Tips for financing your growing business
4 minutes read
Is it time to go shopping for a major purchase for your growing small business? It can be hard not to get swept up in the excitement.
Whether it’s a major technology upgrade or shiny new equipment, you will probably spend hours shopping for the best product, comparing reviews and talking with vendors.
Then comes the hard part. How do I pay for it? Here’s where many entrepreneurs could be doing a better job.
Financial planning is critical to make sure your investment doesn’t stretch your cash flow and sink you.
The dangers of high growth
“Growth can put an enormous strain on the cash flow of a company,” says Patrice Bernard, Senior Vice President, Products and Shared Services at BDC.
Small business owners often make the mistake of financing growth out of their cash flow or by cobbling together a patchwork of smaller loans for each individual purchase, Bernard says.
The result can be poor financing rates and repayment conditions. Or even worse—the company may suddenly become caught in a cash flow squeeze. And then it may be too late to line up financing.
“It’s as if you used a credit card to finance your home renovations. Your cash flow would be really affected,” Bernard says.
Bad financial planning is especially common—and risky—at fast-growing companies. “You need to plan more if you’re expanding because you usually have much higher accounts payable and receivable,” Bernard says.
Use financial planning to protect your business
The solution is to take time to do a financial plan for upcoming investments, preferably at the beginning of each year.
The first step is to work out how much financing you’ll need based on your overall business growth plans.

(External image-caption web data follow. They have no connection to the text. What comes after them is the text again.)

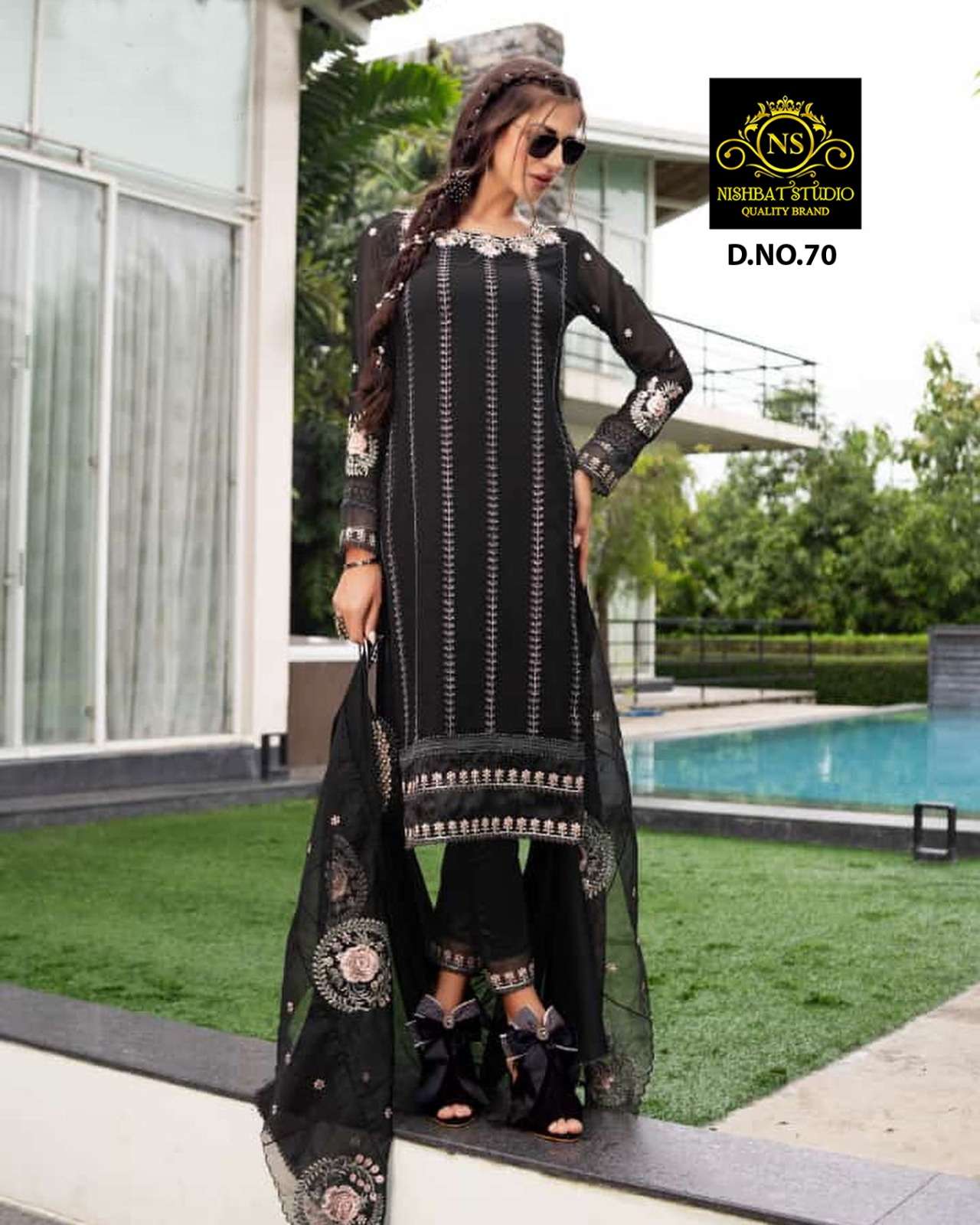 NS 70 COLOURS BY NISHBAT STUDIO FAUX GEORGETTE EMBROIDERY PAKISTANI DRESSES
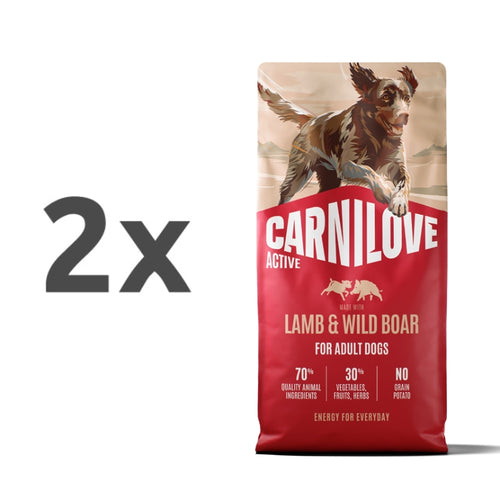 Carnilove Dog Active Adult, briketi - jagnjetina in divji prašič - 2 x 12 kg
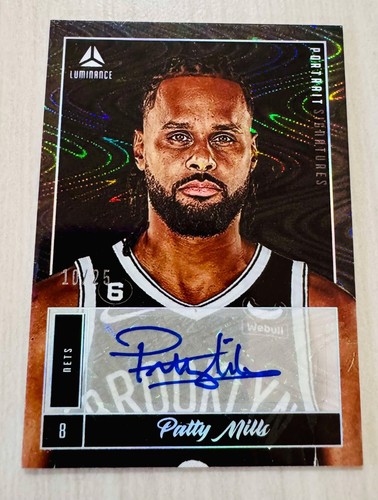 Patty Mills 2022-23 Panini Luminance Swirl Holo Autograph Auto /25
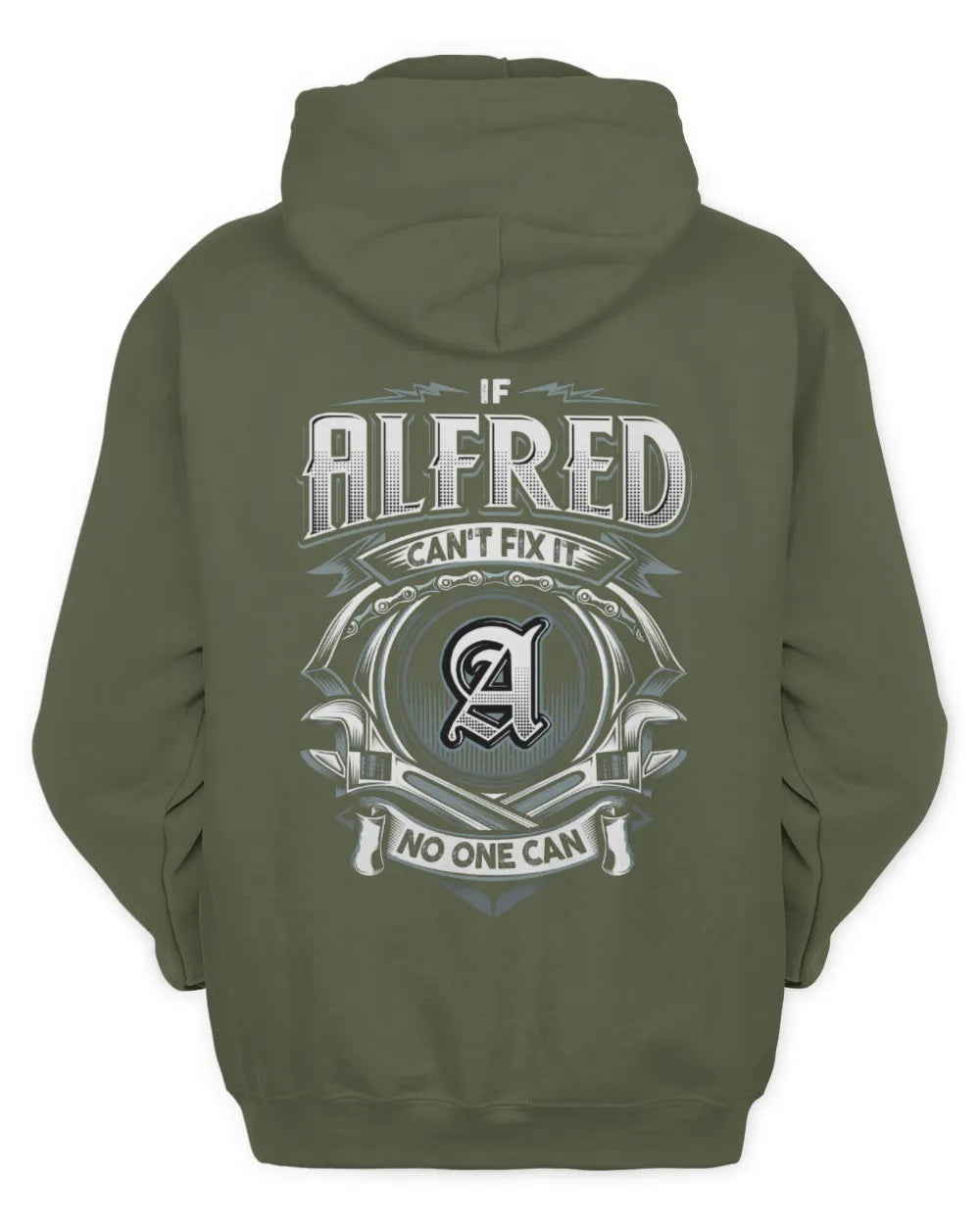 ALFRED AP81-K4-626 - Personalized Ahmed Quote Apparel “If Ahmed Can't Fix It, No One Can” - Unisex Hoodie - Military Green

Next, meet with your financial partners early on to discuss your plans and brief them about your needs for the coming year. This is the time to secure a credit line for your upcoming investments, which you can draw on as needed and then convert into long-term debt at the end of the year.
Plan ahead to get financing
The idea is to plan your financing to have the best possible conditions for your debt. The exercise may even show that you need more than one financial partner to give you enough flexibility.
And never pay for large expansion projects out of your cash flow even if it looks like you’ve got oodles of extra cash on hand right now.
“That’s a big mistake,” Bernard says. “When cash flow is good, you think it will always be like that. But if a company is growing, it has to invest much more than other companies. And profits usually won’t be enough to cover your investments.”
Growth—an opportunity to organize your finances
Rob Read always used self-financing at his rapidly growing fire extinguisher maintenance company, Bison Fire Protection, as it ballooned from five to 50 employees over a decade.
But when Read and a partner decided to expand into new lines of business, such as fire alarms and sprinkler services, they realized they needed better financial planning.
They brought in an outside consultant to help them plot out their overall business strategy, including laying out a financial plan. The exercise led them to do their first budgeting and forecasting. They also added a line of credit and overdraft protection to their financial mix to make sure they had money lined up before they actually needed it.
Equally important, Read says, he began holding regular meetings with his bankers to discuss future needs. “They’re partners in our business. They’re definitely part of the team.”
Ways to finance your growth
Thinking about how to finance your growing company? Here are some tips.
1. Talk to your suppliers
Consider asking vendors for financing for a purchase. Many are willing to offer a loan if it means a sale—a win-win for the supplier and you. And if you’re a supplier yourself, think about offering customers financing. It could become a new revenue stream and boost sales at the same time.
2. Speed up cash flow
Every entrepreneur knows productivity is important. But how many focus on the productivity of their cash? After all, faster cash flow is a big competitive advantage. Consider offering customers creative terms to speed up cash flow—such as a 2% discount to those who pay within 10 days. This is costly, but getting cash quicker can mean more peace of mind and a reduced line of credit.
3. Focus on quality clients
Some customers are slow to pay because their cash flow isn’t great. Sometimes they’re not worth the effort or risk. A trademark of well-managed companies is a focus on high-margin, quality customers. They translate into smoother finances and fewer surprises as you grow.